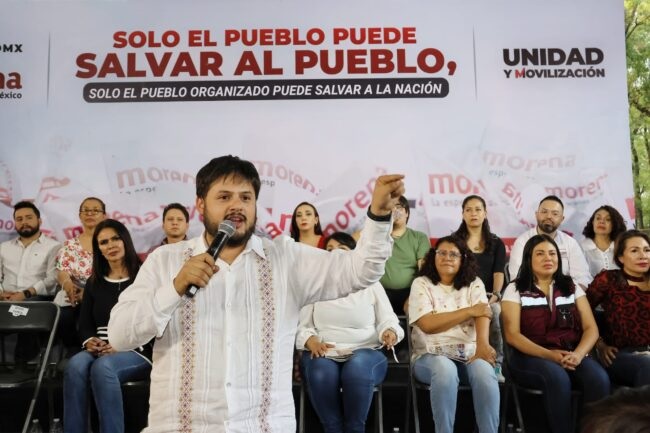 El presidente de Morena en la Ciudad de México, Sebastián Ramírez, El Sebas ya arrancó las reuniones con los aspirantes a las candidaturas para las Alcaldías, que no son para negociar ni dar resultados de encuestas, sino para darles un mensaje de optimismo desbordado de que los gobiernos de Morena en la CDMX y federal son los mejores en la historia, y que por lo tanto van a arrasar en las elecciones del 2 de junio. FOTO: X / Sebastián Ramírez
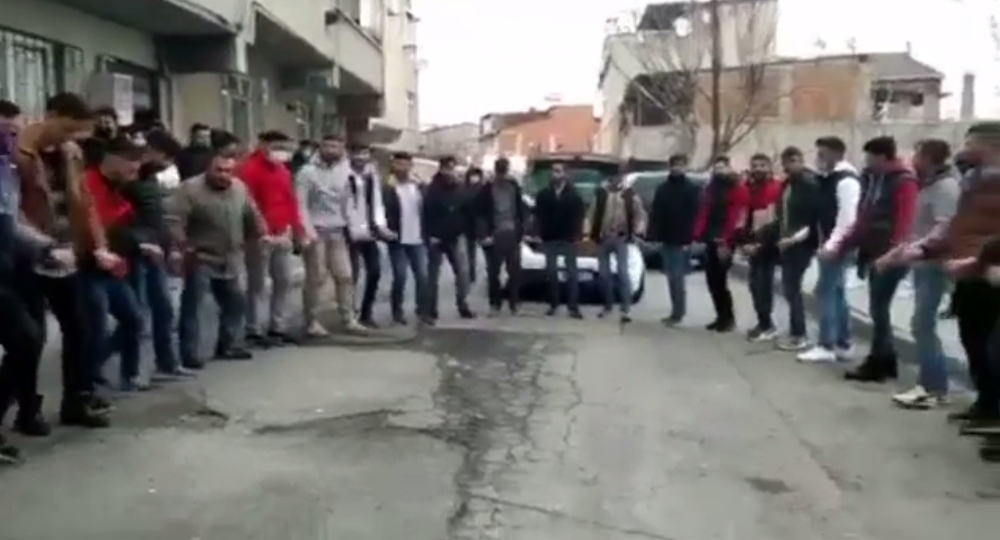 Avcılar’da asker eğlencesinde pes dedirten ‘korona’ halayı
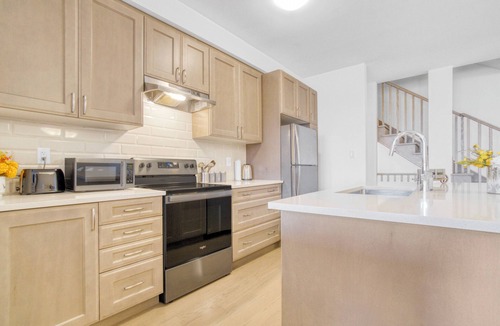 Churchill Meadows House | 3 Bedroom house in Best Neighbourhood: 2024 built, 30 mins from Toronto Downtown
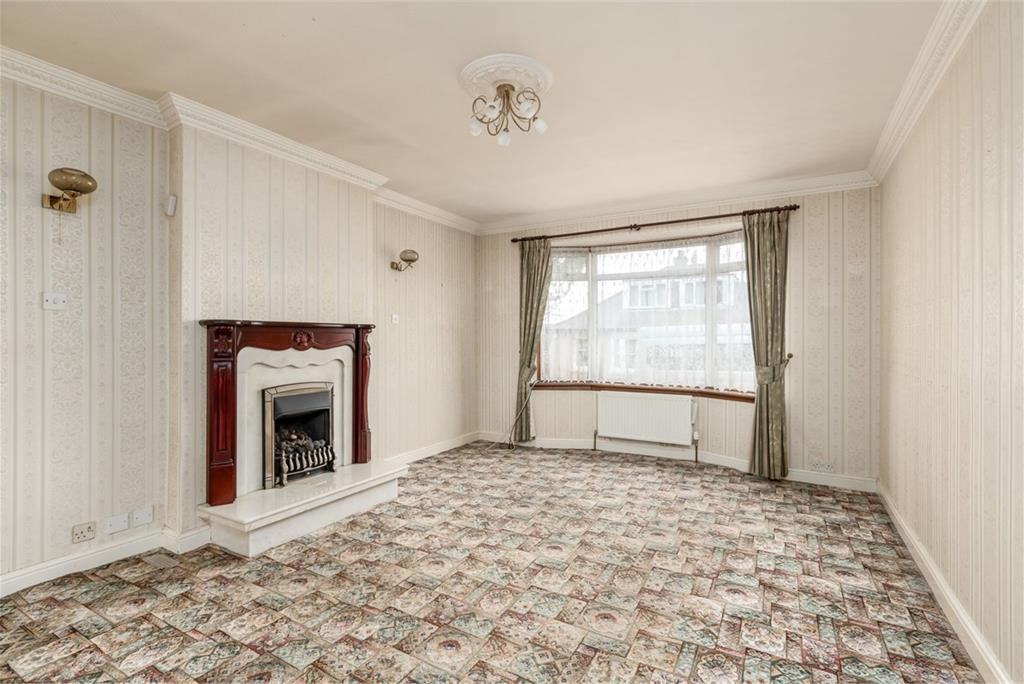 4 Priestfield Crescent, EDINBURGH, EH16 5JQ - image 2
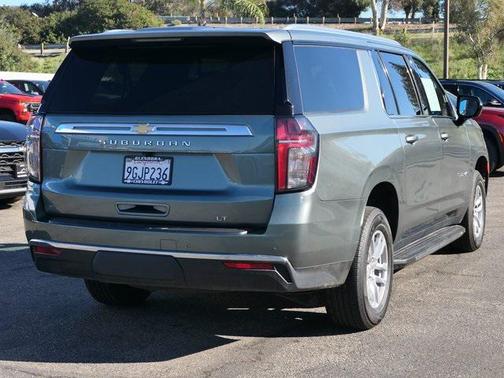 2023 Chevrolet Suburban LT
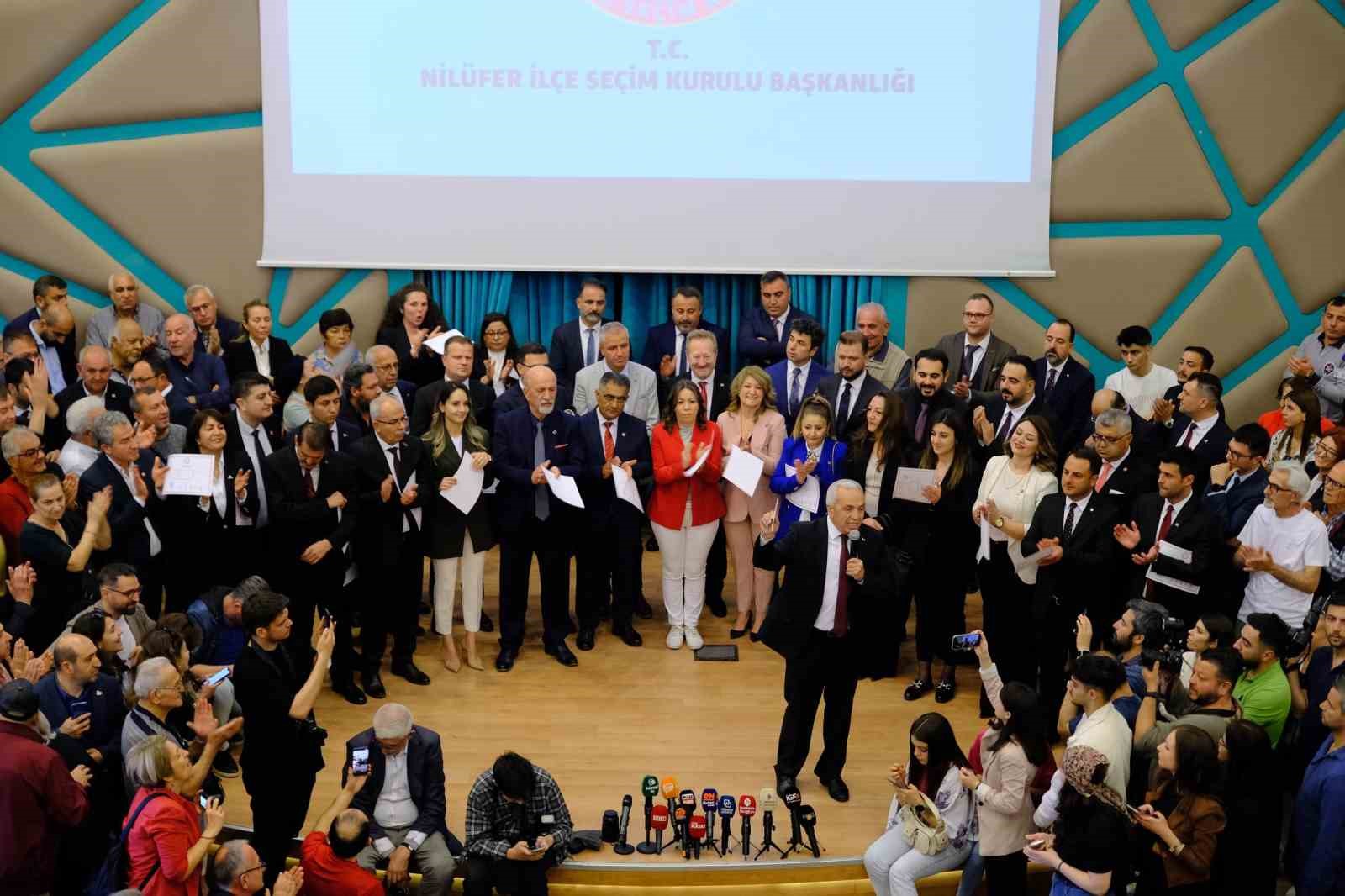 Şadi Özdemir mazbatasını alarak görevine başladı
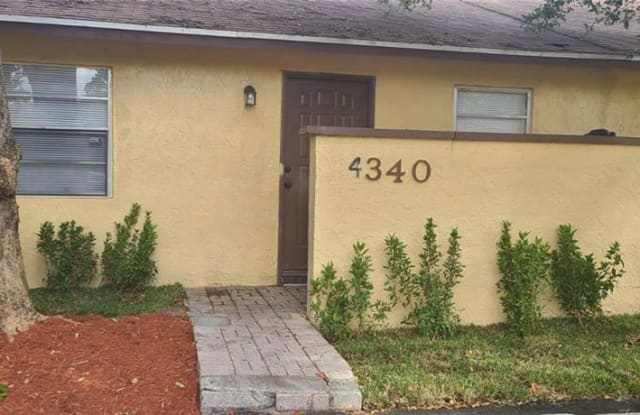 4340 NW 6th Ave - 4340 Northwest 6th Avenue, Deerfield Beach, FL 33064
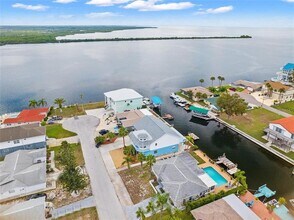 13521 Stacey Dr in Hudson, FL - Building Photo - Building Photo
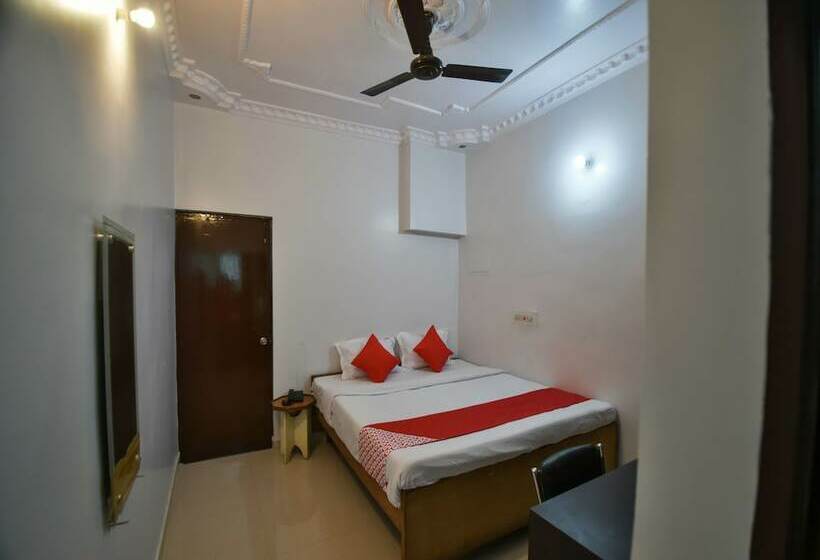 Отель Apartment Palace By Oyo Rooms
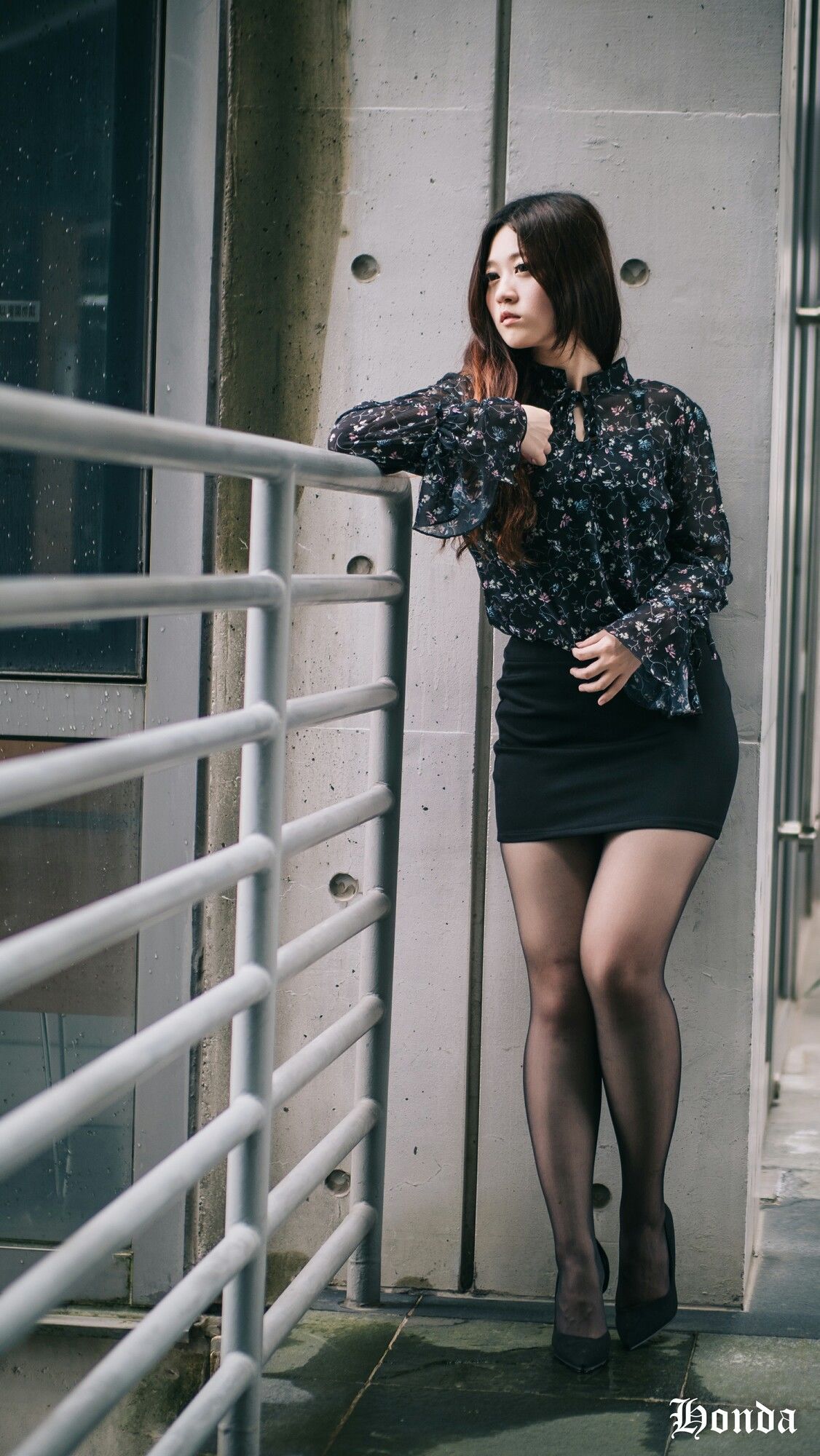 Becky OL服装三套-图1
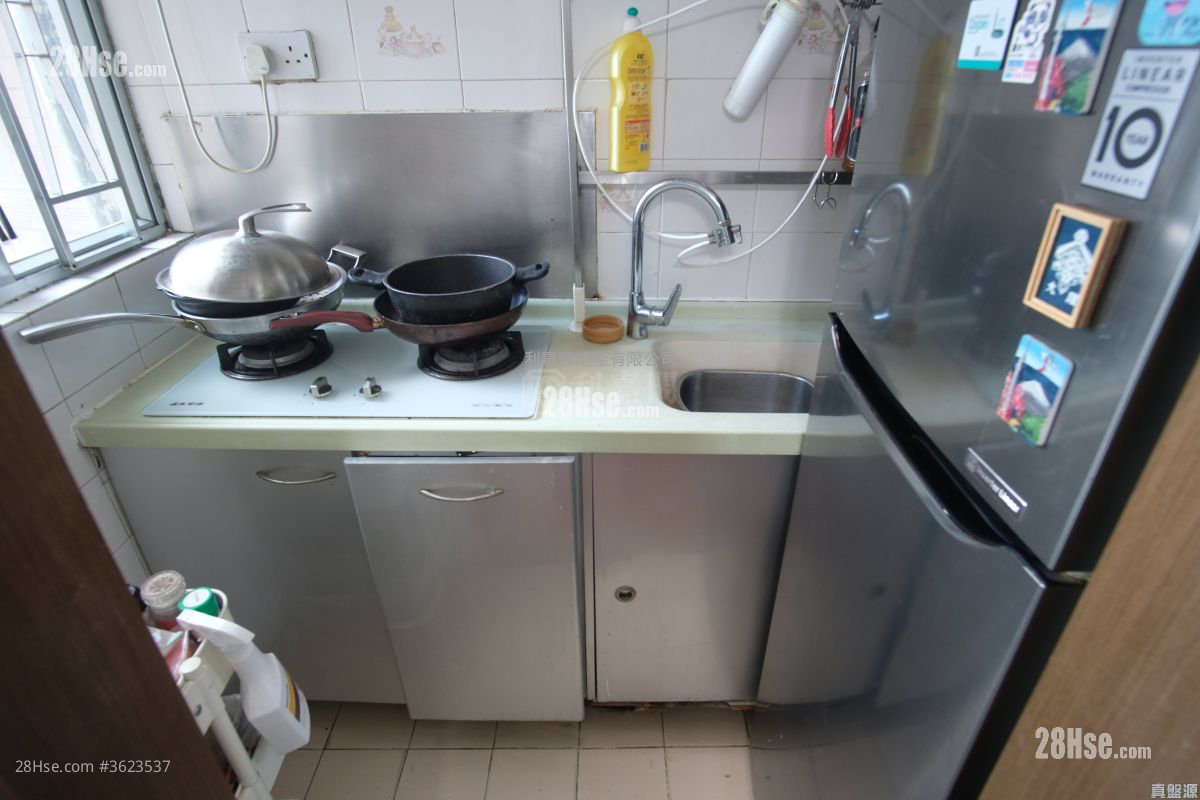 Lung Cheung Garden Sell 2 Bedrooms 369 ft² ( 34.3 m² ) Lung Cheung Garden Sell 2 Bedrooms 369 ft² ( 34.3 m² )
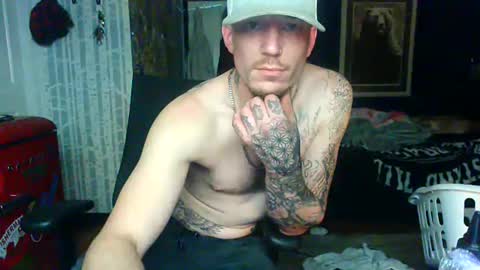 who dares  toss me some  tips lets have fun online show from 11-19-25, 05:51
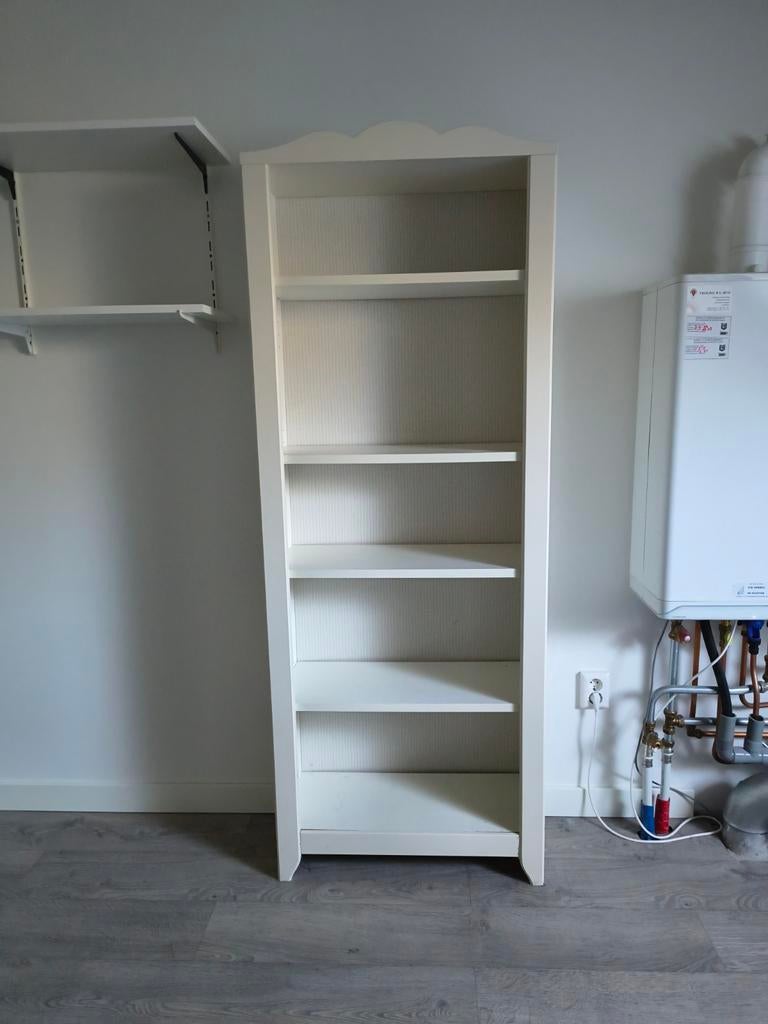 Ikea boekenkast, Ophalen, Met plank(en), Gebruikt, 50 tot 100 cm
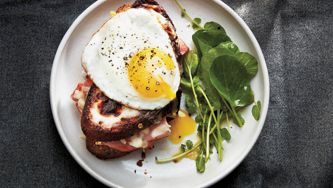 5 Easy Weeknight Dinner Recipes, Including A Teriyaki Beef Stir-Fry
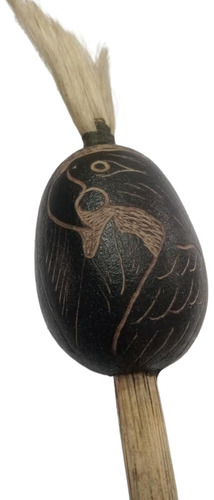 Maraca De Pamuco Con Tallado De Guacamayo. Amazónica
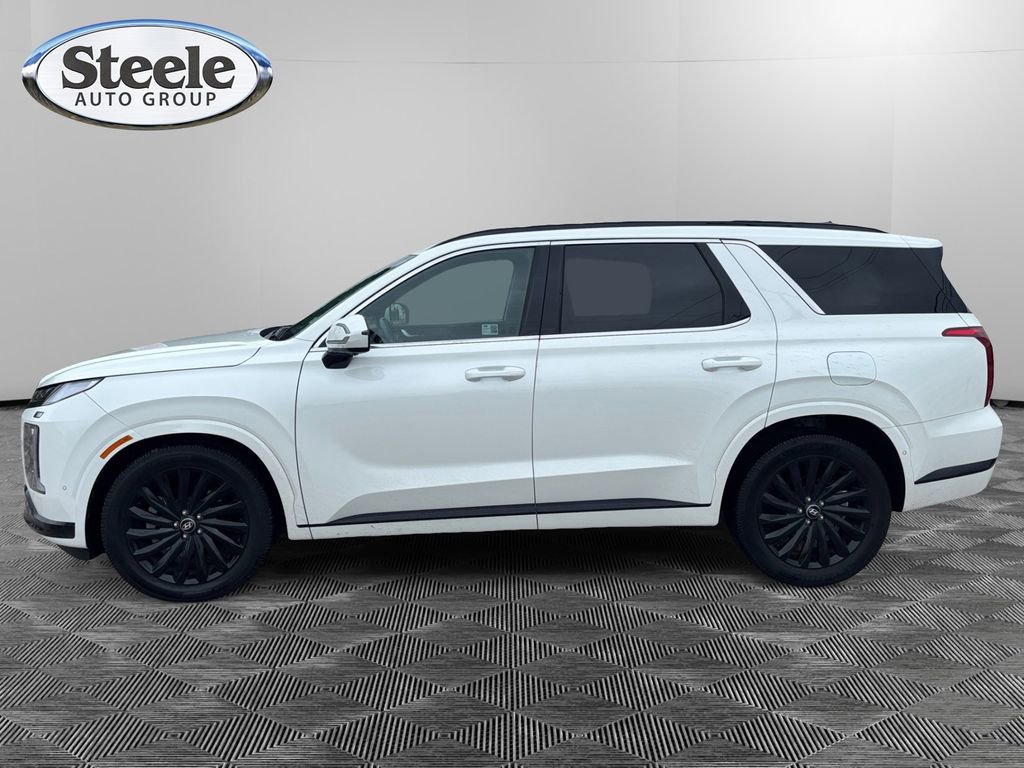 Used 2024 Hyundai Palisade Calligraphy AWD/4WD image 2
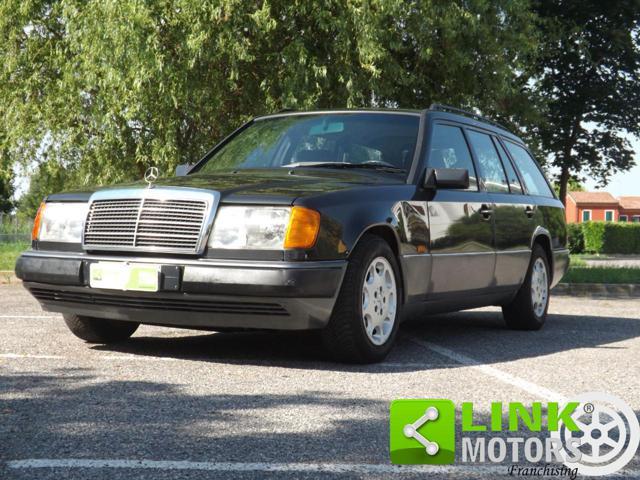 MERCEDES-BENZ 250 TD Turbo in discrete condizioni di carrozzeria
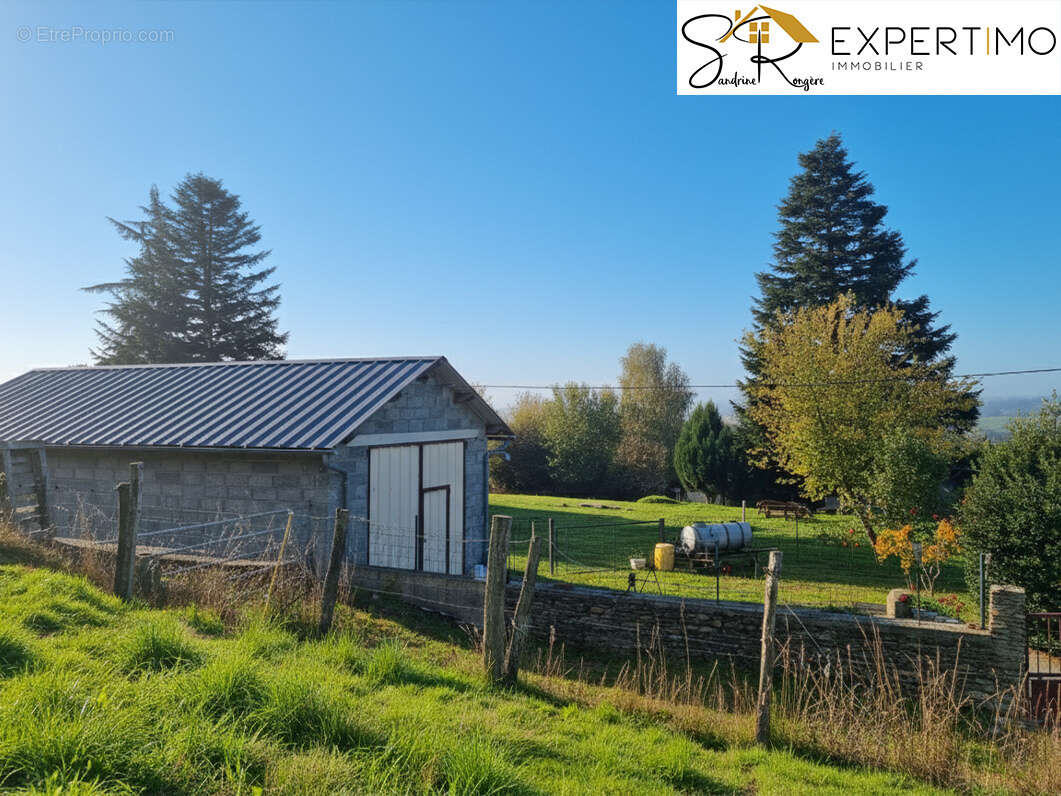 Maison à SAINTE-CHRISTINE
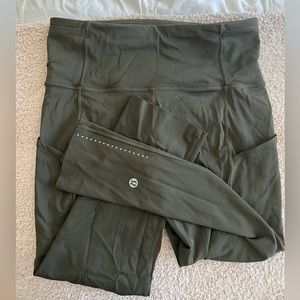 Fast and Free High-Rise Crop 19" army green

++++++++++

WORK ORDER:
Drop the pictures; return the lines above from the line containing "Şadi Özdemir mazbatasını" to the line containing "Becky OL服装三套-图1", both included, exactly.

EXERCISE ANSWER:
 Şadi Özdemir mazbatasını alarak görevine başladı
 4340 NW 6th Ave - 4340 Northwest 6th Avenue, Deerfield Beach, FL 33064
 13521 Stacey Dr in Hudson, FL - Building Photo - Building Photo
 Отель Apartment Palace By Oyo Rooms
 Becky OL服装三套-图1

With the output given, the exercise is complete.